Exact copy, no pictures: every line from the one that contains "Sterling Silver Rainbow Moonstone Pendant" through the end of the data below, and nothing else.

--

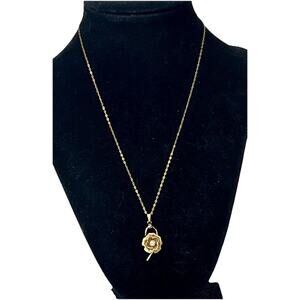 Vintage 14K Gold Filled Rose Pendant Necklace with Genuine Pearl - 20”
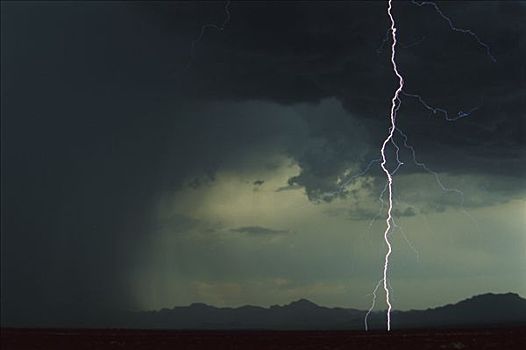 季风,雨,闪电,上方,圣塔丽塔山,亚利桑那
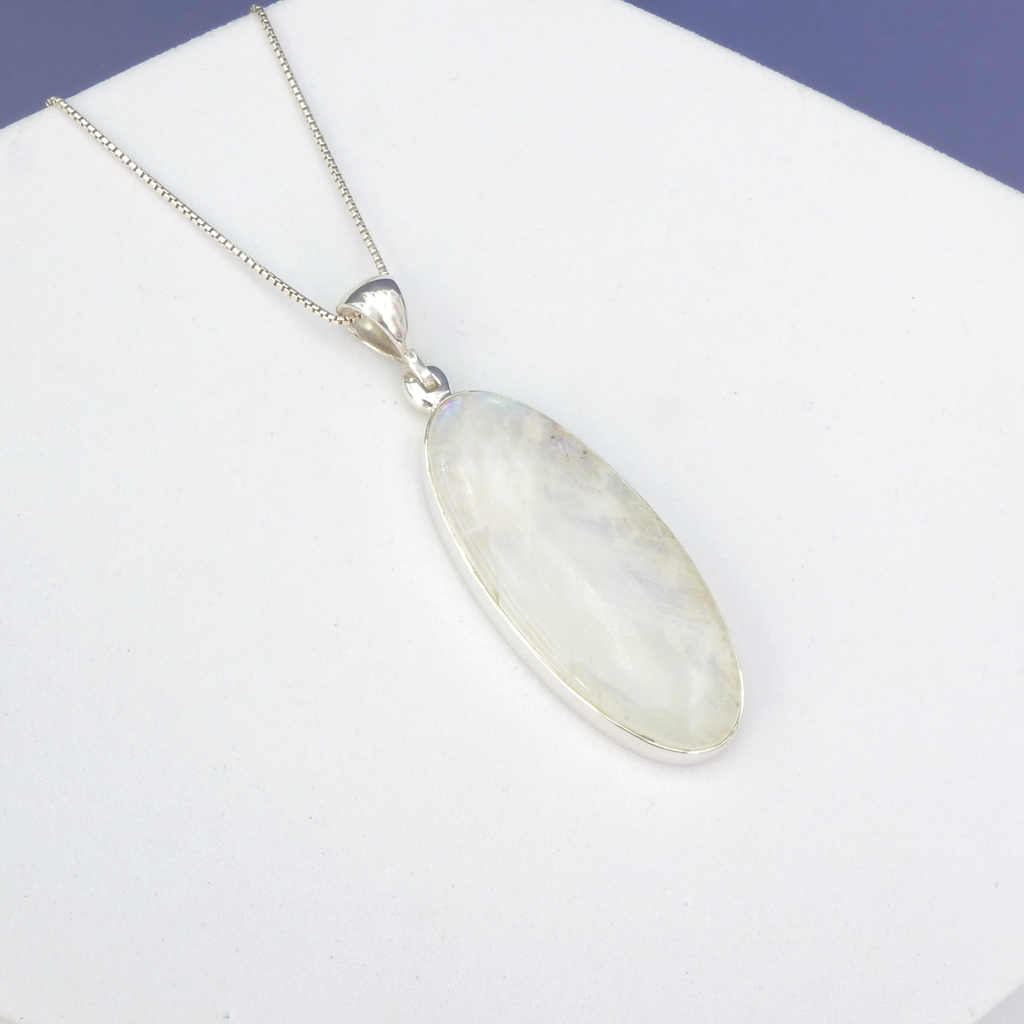 Sterling Silver Rainbow Moonstone Pendant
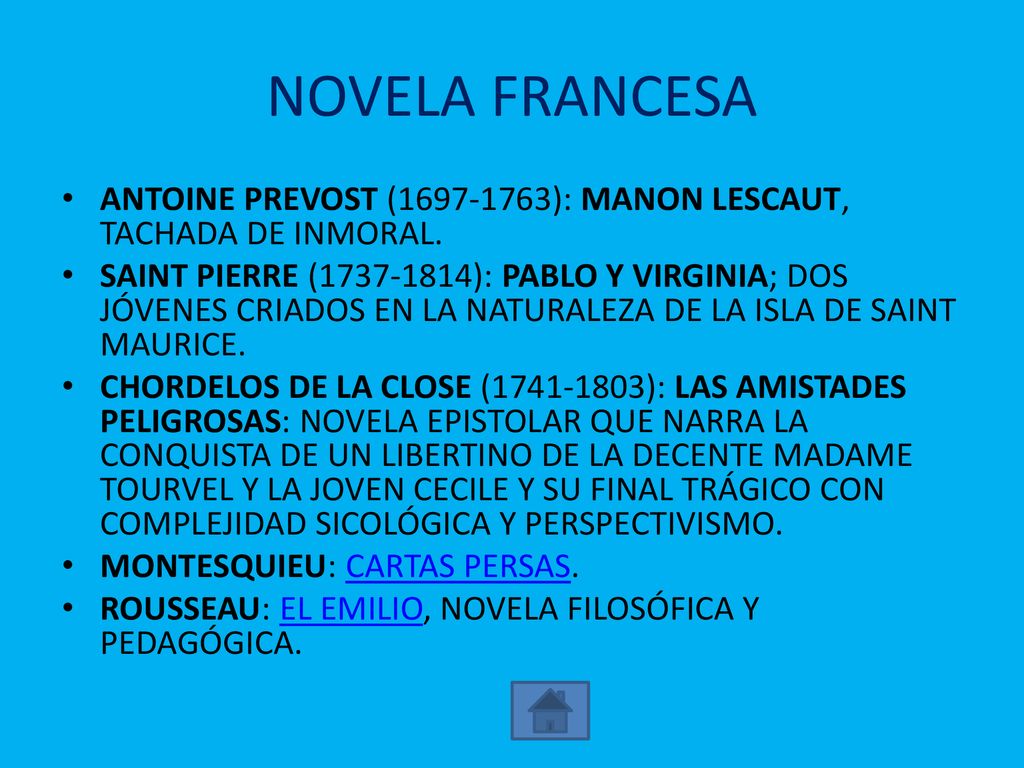 NOVELA FRANCESA ANTOINE PREVOST ( ): MANON LESCAUT, TACHADA DE INMORAL.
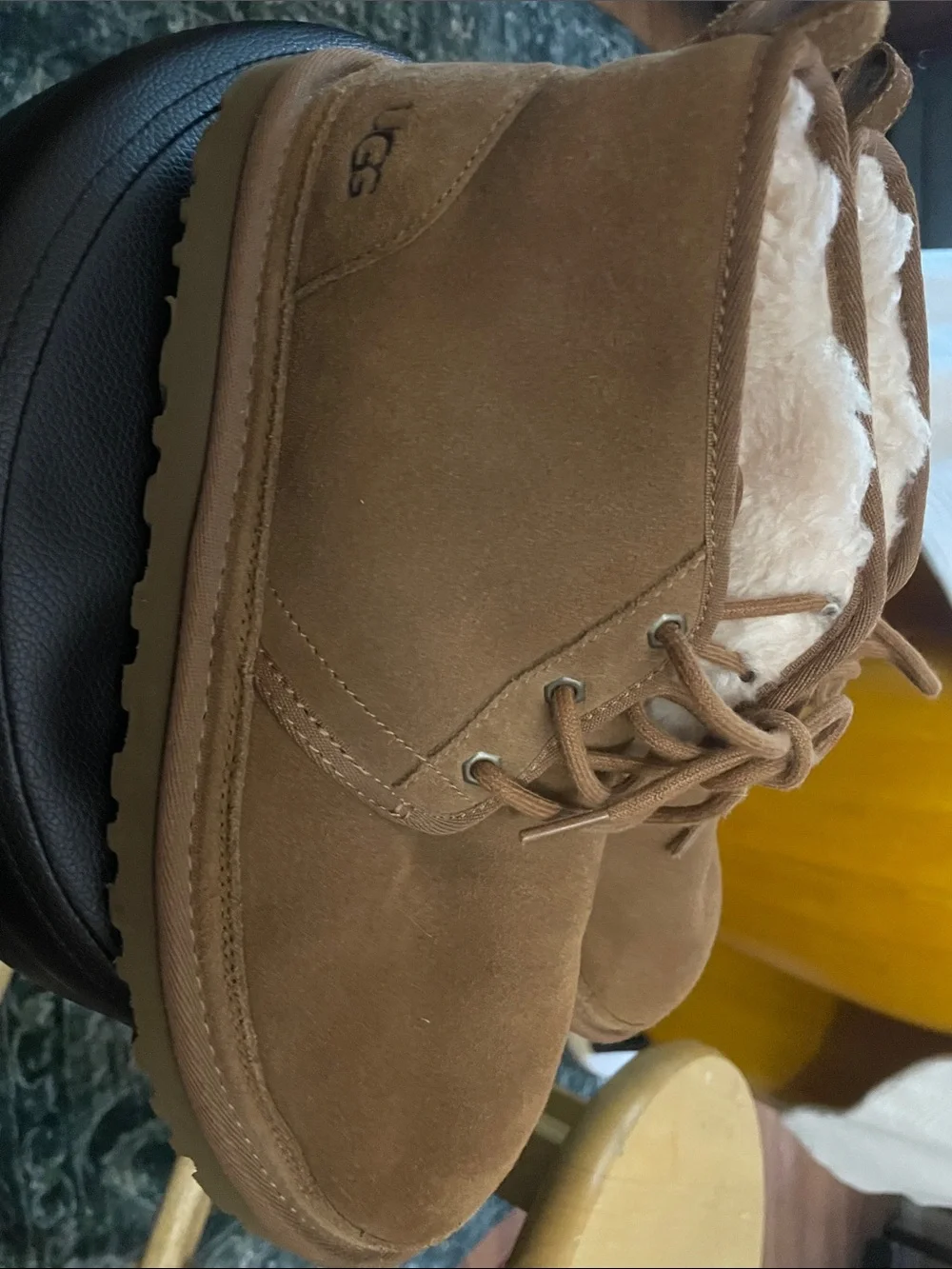 UGG Chestnut Lace-Up Suede Shearling Boots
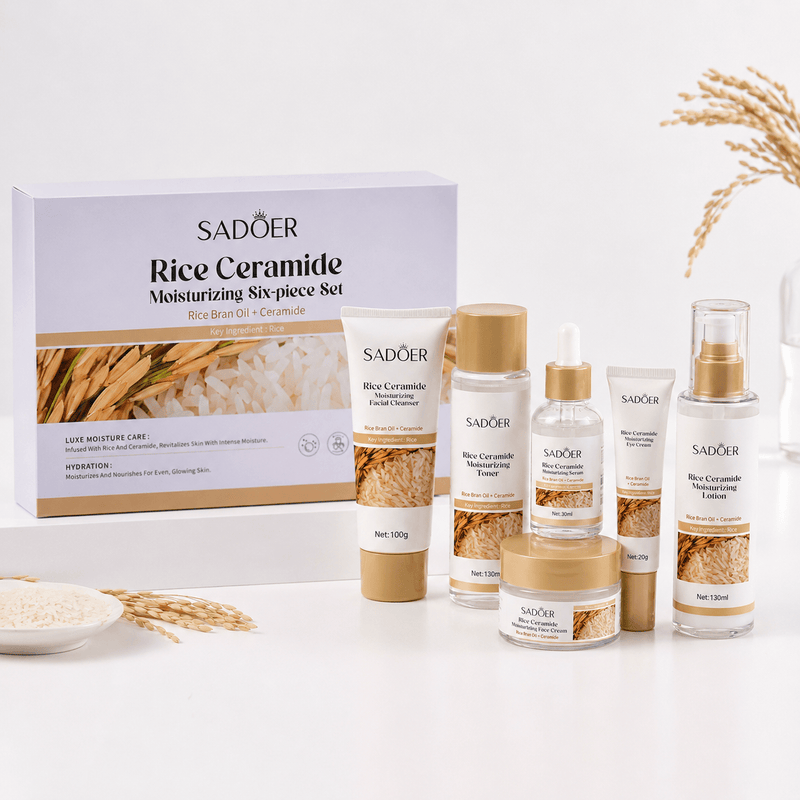 Poppy Gifts Skin Care SADOER Rice Ceramide Moisturizing Six Piece Skincare Set Kit Sadoer Rice Ceramide Moisturizing Six Piece Set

--

Solved problem>
 Sterling Silver Rainbow Moonstone Pendant
 NOVELA FRANCESA ANTOINE PREVOST ( ): MANON LESCAUT, TACHADA DE INMORAL.
 UGG Chestnut Lace-Up Suede Shearling Boots
 Poppy Gifts Skin Care SADOER Rice Ceramide Moisturizing Six Piece Skincare Set Kit Sadoer Rice Ceramide Moisturizing Six Piece Set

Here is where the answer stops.